Attendees at this year’s Australian Cotton Conference on the country’s Gold Coast got a fascinating glimpse into what the next decade or two may have in store for the cotton industry.
Business futurist Morris Miselowski told the crowd that the next decade will produce the equivalent of one hundred years of change, and this century will see more change than the previous 10 centuries combined.
Such sweeping developments will, of course, change the face of the cotton industry. For example, he predicts that within a decade, farmers will be able to “print” spare parts for their machinery and be using driverless tractors. Sending emails will be a thing of the past, and people will be flying in airplanes powered by electricity rather than jet fuel.
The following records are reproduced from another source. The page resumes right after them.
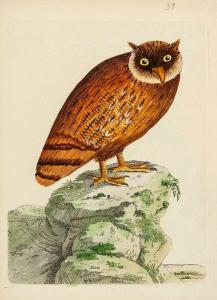 BROWN Peter 1758-1799,Nouvelles Illustrations de Zoologie,Dreweatts GB 2014-02-27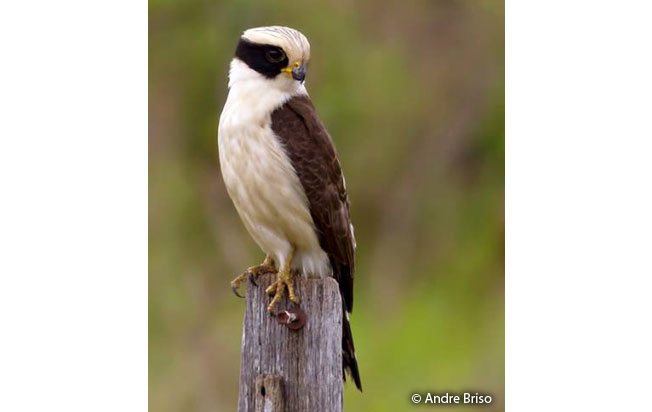 laughing_falcon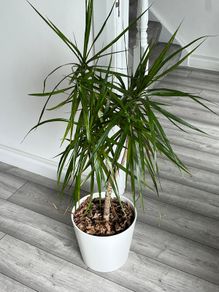 Dracaena Marginata / Dragon Tree Indoor Plant with White Pot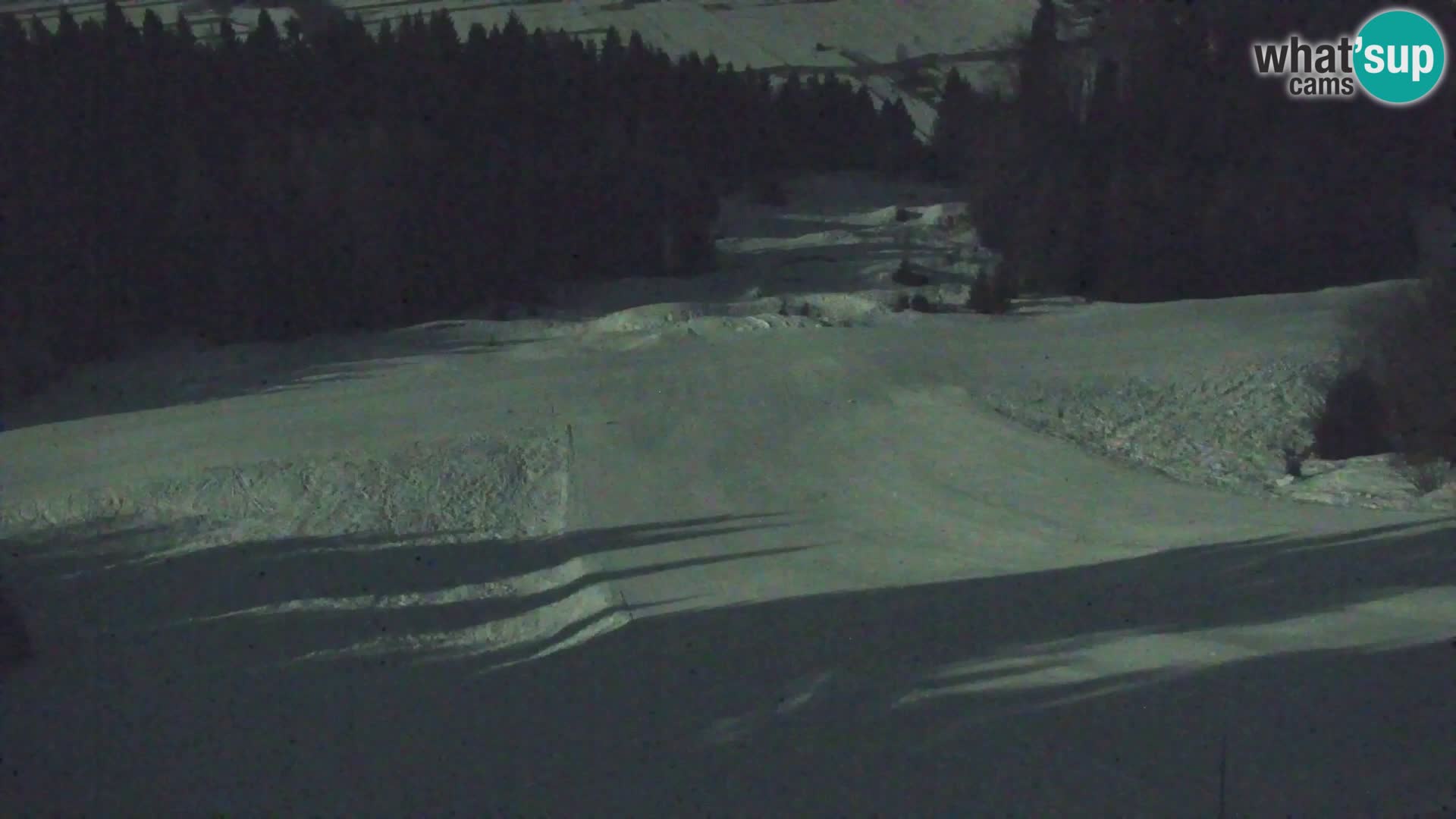 Vitranc Kranjska Gora webcam | VITRANC 1 stazione superiore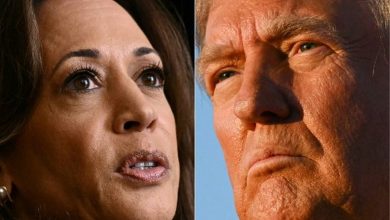 Présidentielle américaine 2024 : à quelques jours du scrutin, Kamala Harris et Donald Trump sont au coude à coude selon ce nouveau sondage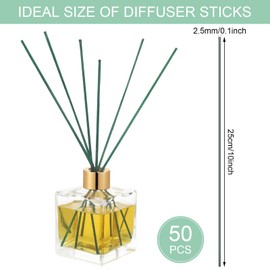 Demissle 50 Pieces Christmas Scented Fir Reed Diffuser Sticks 10 Inch Scented Green Aroma Essential Oil Diffuser Sticks Refill Replacement for Aroma Fragrance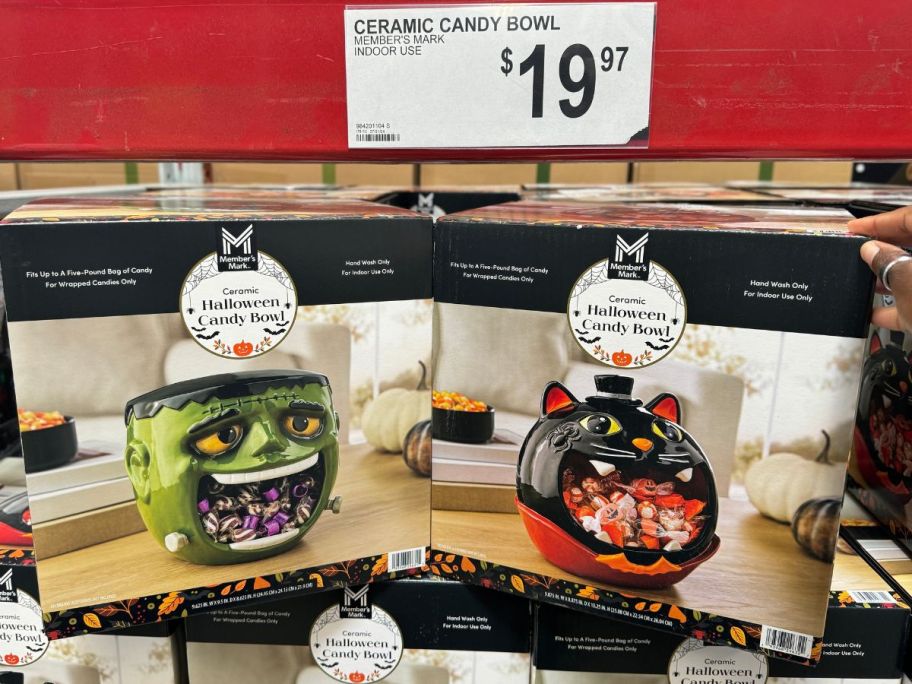 ceramic black cat and frankenstein candy bowl boxes on display in a store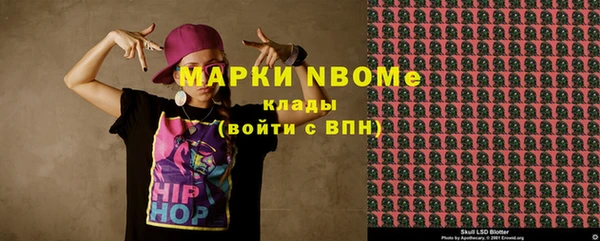 бошки Новодвинск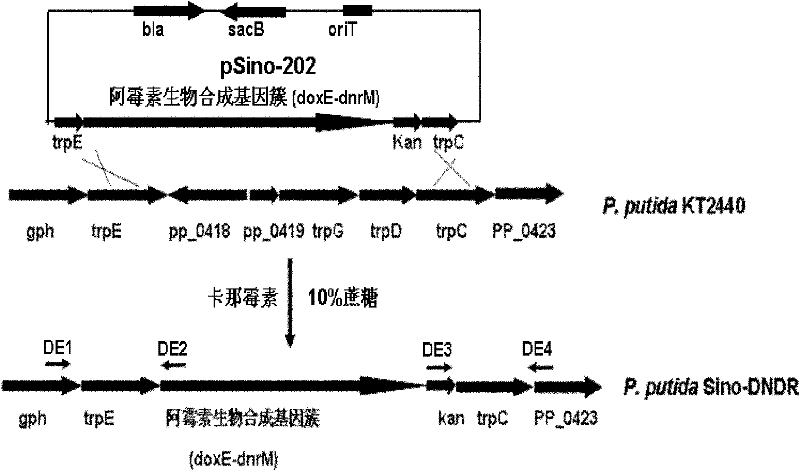 Daunorubicin and adriamycin producing engineered pseudomonas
Miselowski believes the changes coming to the cotton industry can be grouped into three main categories:
- The technology we use to grow cotton. In the future, growers will be much more reliant on digital technology. “A decade ago, a farmer may have had a mobile phone that may have been able to make a phone call (if there was service), and the computer was something [that stayed] back in the office,” he said. “But today, a farmer is likely to have two or more digital devices on their machines, feeding them a constant source of information. This [data] gives farmers much more empirical information, and they will be able to use that with their intuitive senses, to make better decisions.”
- The things we make from cotton. Miselowski believes that cotton will eventually be used in a wide range of utilitarian clothing. This next generation of working apparel will be able to do things such as measure a body’s vital signs and adjust automatically for changes in temperature.
- The people who make up the cotton industry. An increasing number of people will choose a career in agriculture, and they will have a higher degree of qualifications. He also pointed out that people entering the work force today are likely to have six different careers, and a dozen or more jobs, during their lifetimes. “In the 80’s, if I saw that a person had changed jobs three or four times, I would probably have dismissed him as a candidate because he couldn’t stick at a job,” Miselowski said “Today, if someone hasn’t moved about, you wonder about their ability to manage change.”